Der Schweizerische Tierschutzverband empfiehlt, auf den Kauf solcher Felle zu verzichten. Die Herkunft sei meist ungeklärt. «Es fehlt eine Deklaration, aus der hervorgeht, ob die Tiere ein artgerechtes Leben führen konnten», sagt Helen Sandmeier. «Genau dafür gibt es doch lokale Kürschner», sagt Thomas Thomas Aus der Au.
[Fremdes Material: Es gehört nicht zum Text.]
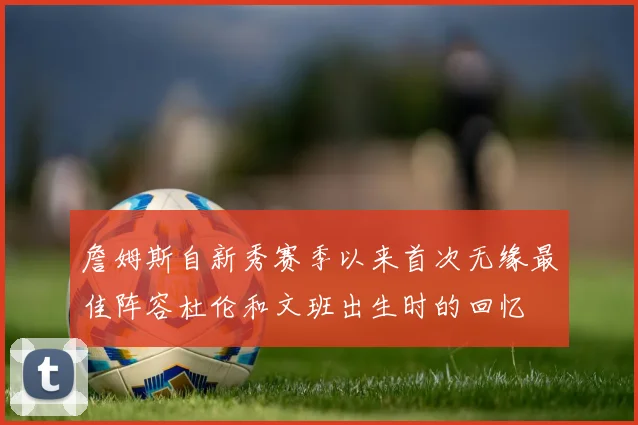 詹姆斯自新秀赛季以来首次无缘最佳阵容杜伦和文班出生时的回忆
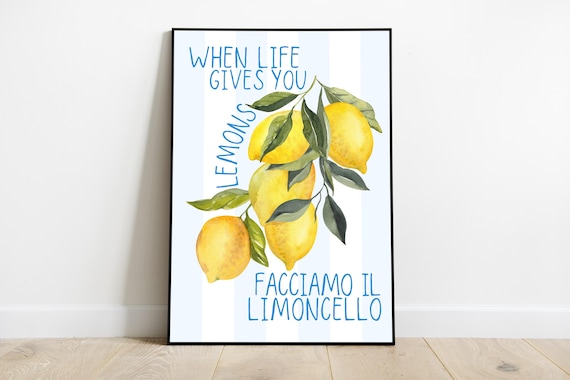 When Life Gives You Lemons Make Limoncello Print – Funny Italian Kitchen Wall Art, Lemon Quote Decor, Digital Download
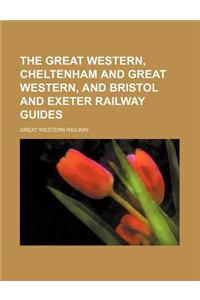 The Great Western, Cheltenham and Great Western, and Bristol and Exeter Railway Guides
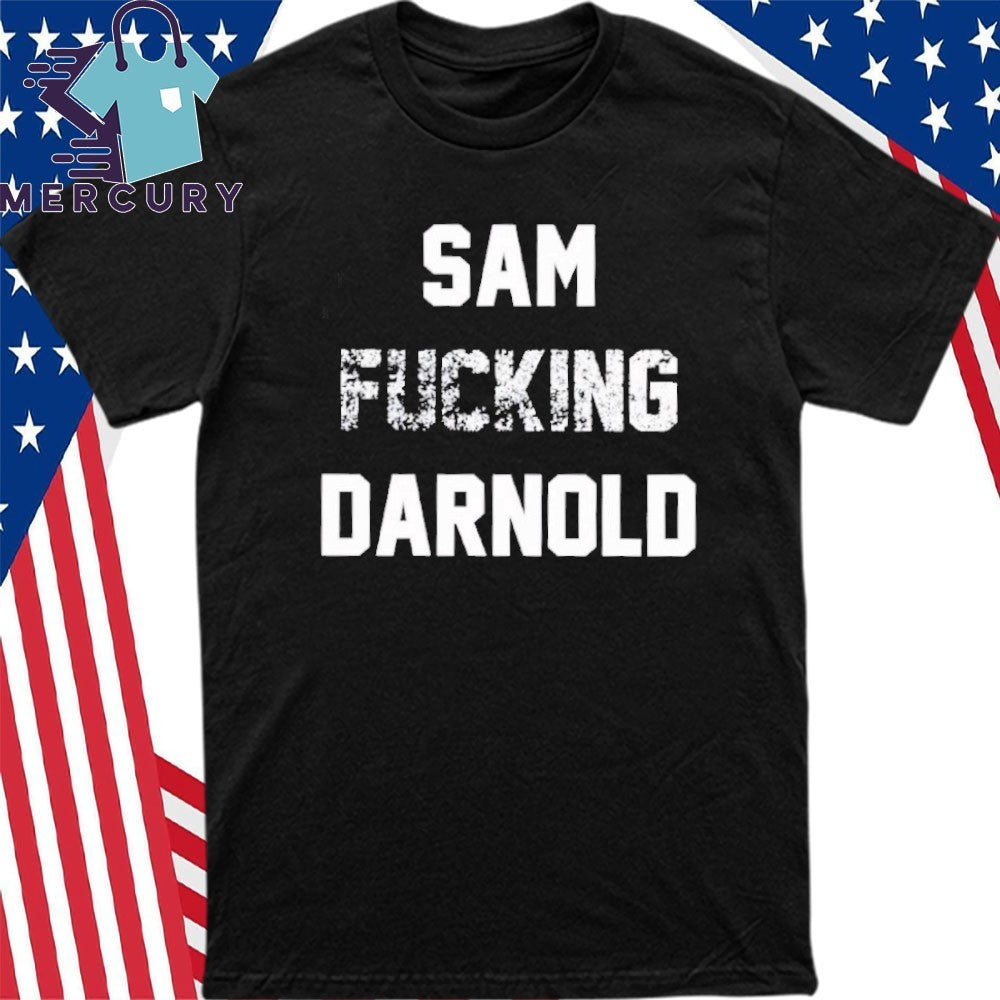 Sam Fucking Darnold Shirt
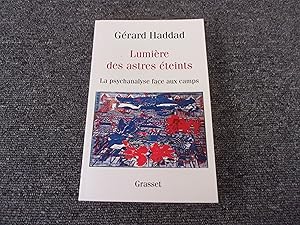 Bild des Verkufers fr LUMIERE DES ASTRES ETEINTS.la psychanalyse face aux camps zum Verkauf von occasion de lire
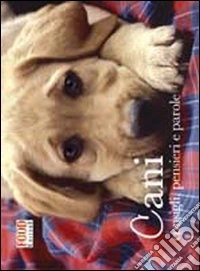 Cani. Consigli; pensieri e parole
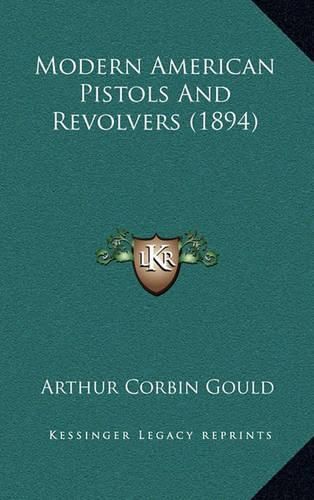 Cover image for Modern American Pistols and Revolvers (1894)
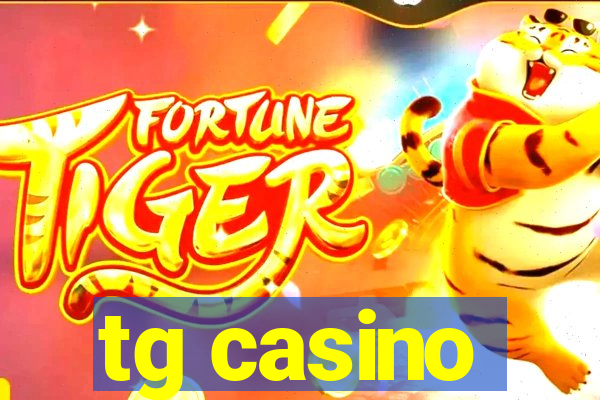 tg casino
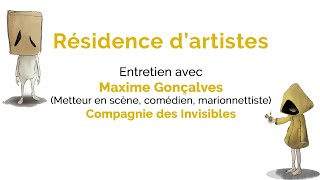 Résidence dartistes  Entretien avec Maxime Gonçalves de La Compagnie des Invisibles [upl. by Akeimahs]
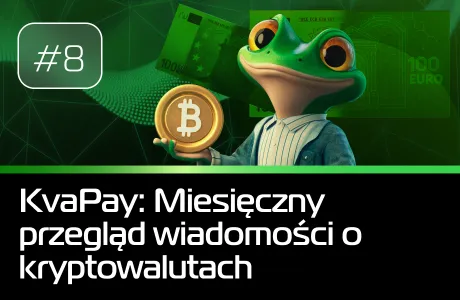 #8 KvaPay: Miesięczny przegląd wiadomości o kryptowalutach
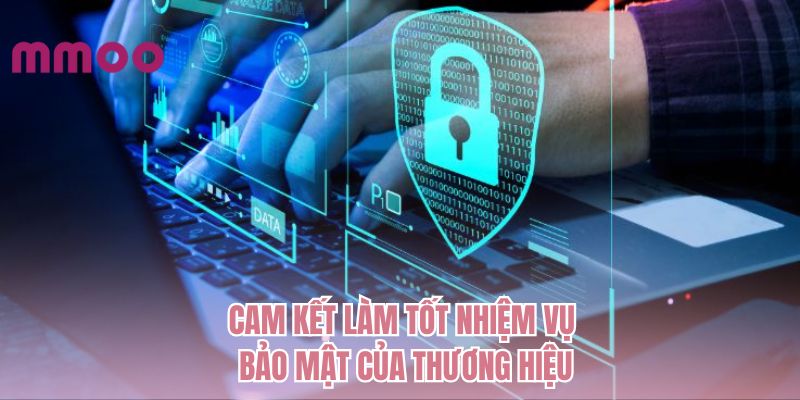 Cam kết làm tốt nhiệm vụ bảo mật của thương hiệu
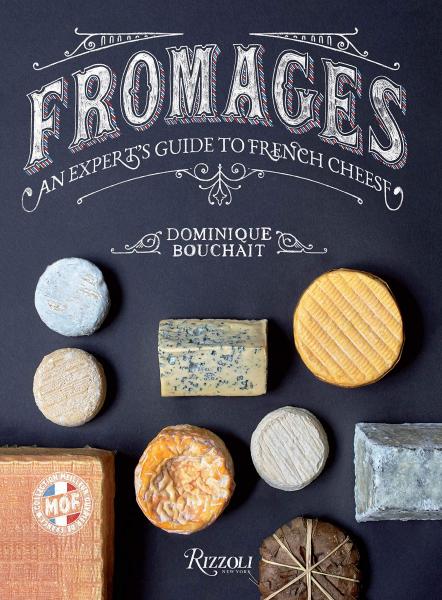 книга Fromages: An Expert's Guide to French Cheese, автор: Dominique Bouchait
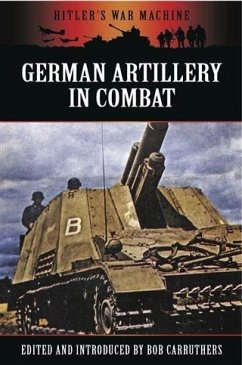 German Artillery in Combat (eBook, ePUB) - Carruthers, Bob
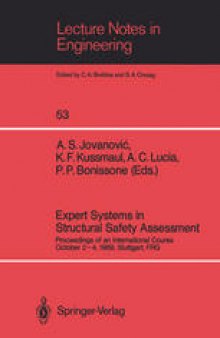 Expert Systems in Structural Safety Assessment: Proceedings of an International Course October 2-4, 1989, Stuttgart, FRG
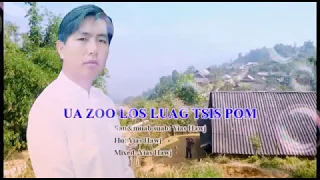 Ua Zoo Log Luag Tsig Pom (Song New) XH - Tsav yiag hawj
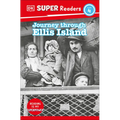 DK Super Readers Level 4 Journey Through Ellis Island - Paperback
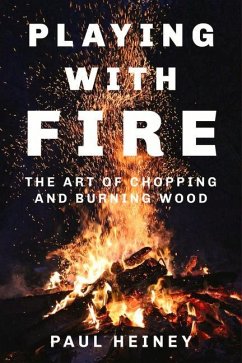 Playing with Fire: The Art of Chopping and Burning Wood - Heiney, Paul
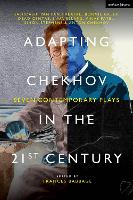 Adapting Chekhov in the 21st Century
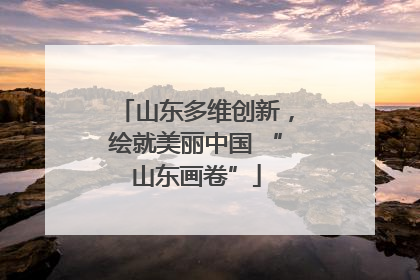 山东多维创新，绘就美丽中国 “山东画卷”
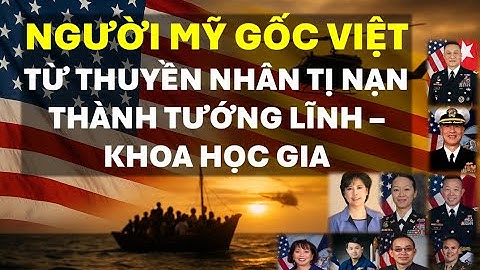NGƯỜI MỸ GỐC VIỆT. TỪ THUYỀN NHÂN TỊ NẠN THÀNH TƯỚNG LĨNH - KHOA HỌC GIA.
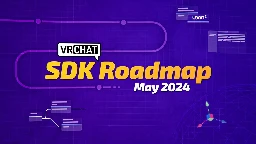 VRChat SDK Roadmap (May 2024)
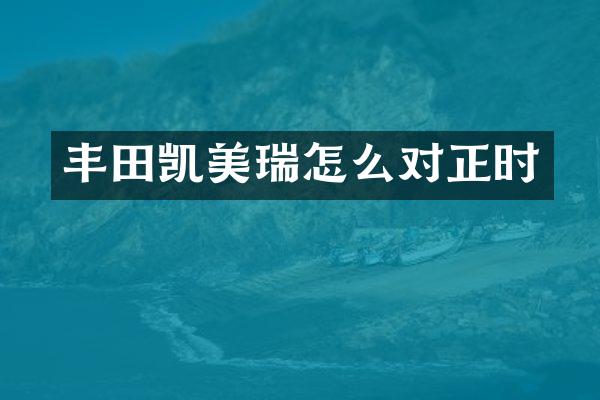 丰田凯美瑞怎么对正时
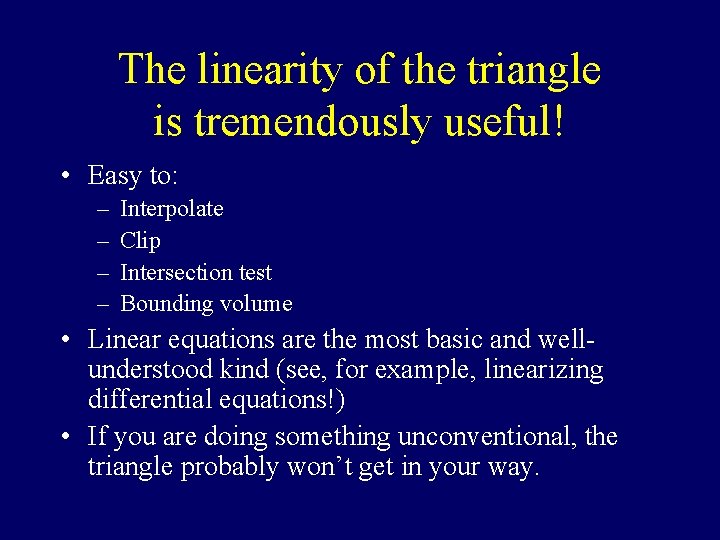 The linearity of the triangle is tremendously useful! • Easy to: – – Interpolate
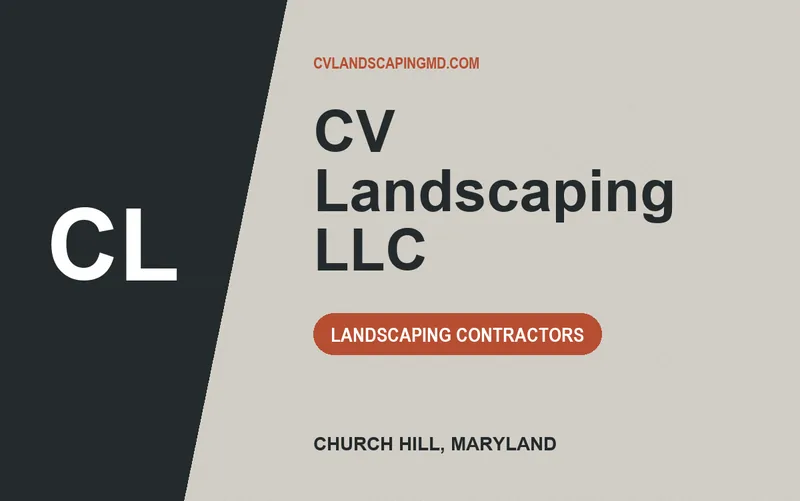 CV Landscaping LLC in Church Hill, Maryland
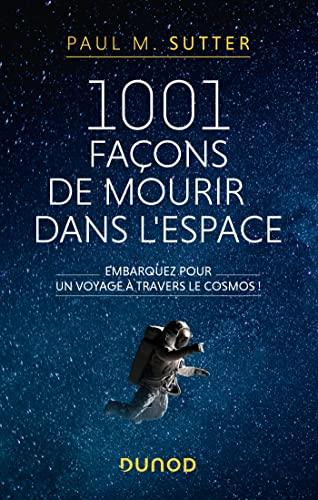 1001 façons de mourir dans l'espace : embarquez pour un voyage à travers le cosmos !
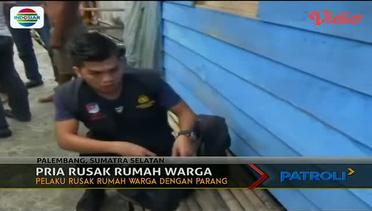 Seorang Pria di Palembang, Sumatera Selatan, Berusaha Merusak Rumah Warga - Patroli Siang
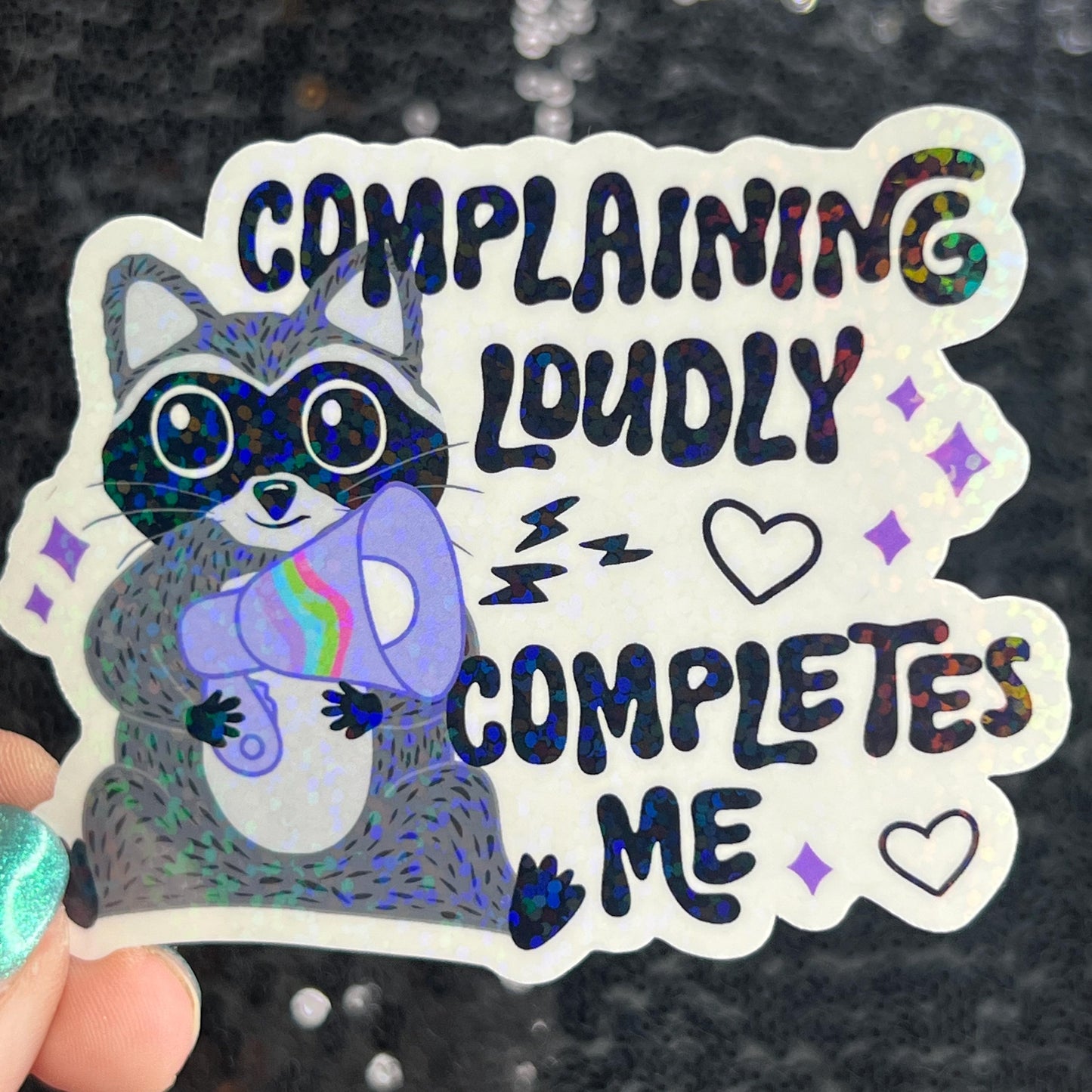 Complaining loudly completes me Holographic Sticker Mental Health Sparkly Spread Positivity Good Vibes Decal  Humor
Er erteile stets ausführlich Auskunft über deren Herkunft.
Thomas Aus der Au bezeichnet sein Verhältnis zu Tieren als «ambivalent, wie wohl bei den meisten». Haustiere erachte er eher als Kuscheltiere, andere als Nutztiere. Als einer seiner beiden Hunde starb, stand er vor der Frage, das Fell zu behalten oder den Hund gänzlich einzuäschern. Er entschied sich fürs Einäschern. «Obwohl ich stets geglaubt hatte, das Fell als Erinnerung behalten zu wollen, ertrug ich den Gedanken nicht, dass an meinem Hund ‹herumgeschnippelt› wird.»about:blank
Manchmal trägt er privat einen Pelzmantel. Einmal wurde er im Berner Oberland für einen schwerreichen russischen Touristen gehalten. Doch es passiere selten, dass er angepöbelt werde. Pelz müsse eben selbstbewusst getragen werden, sagt Aus der Au.
Angst, dass sein Beruf ausstirbt? – «Und wie!»
Thomas Aus der Au erinnert sich gut daran, als er in jungen Jahren als Lehrling erstmals ein Fell zusammennähte. Wie er sich vorstellte, wie in diesem Fell einst ein Tier gelebt hatte. Er entschied sich damals bewusst für die Arbeit mit Pelz. Schliesslich, sagt er, «ass ich auch Fleisch und ging fischen».
Wer eines Tages sein Geschäft in Zürich-Wiedikon übernimmt, weiss Aus der Au nicht. Nachwuchs fehlt. Als er in den 1970er Jahren den Beruf erlernte, wurden allein in Zürich acht Personen ausgebildet. Vor eineinhalb Jahren hat er schweizweit die bisher letzte «Bekleidungsgestalterin Schwerpunkt Pelzbekleidung» ausgebildet. Der Kürschner hebt die Augenbrauen, wenn er die Bezeichnung ausspricht.
Kürschner wie Thomas Aus der Au gibt es nur noch wenige in der Schweiz. Er schätzt, dass es gegen 40 sind. Die meisten näherten sich dem Pensionsalter – wie er. Hat er Angst, sein Beruf könnte aussterben? «Und wie! Stirbt der Beruf, stirbt seine Berufsethik mit.» Damit drohe das Pelzgeschäft gänzlich jenen überlassen zu werden, die sich nicht um die Tiere scherten.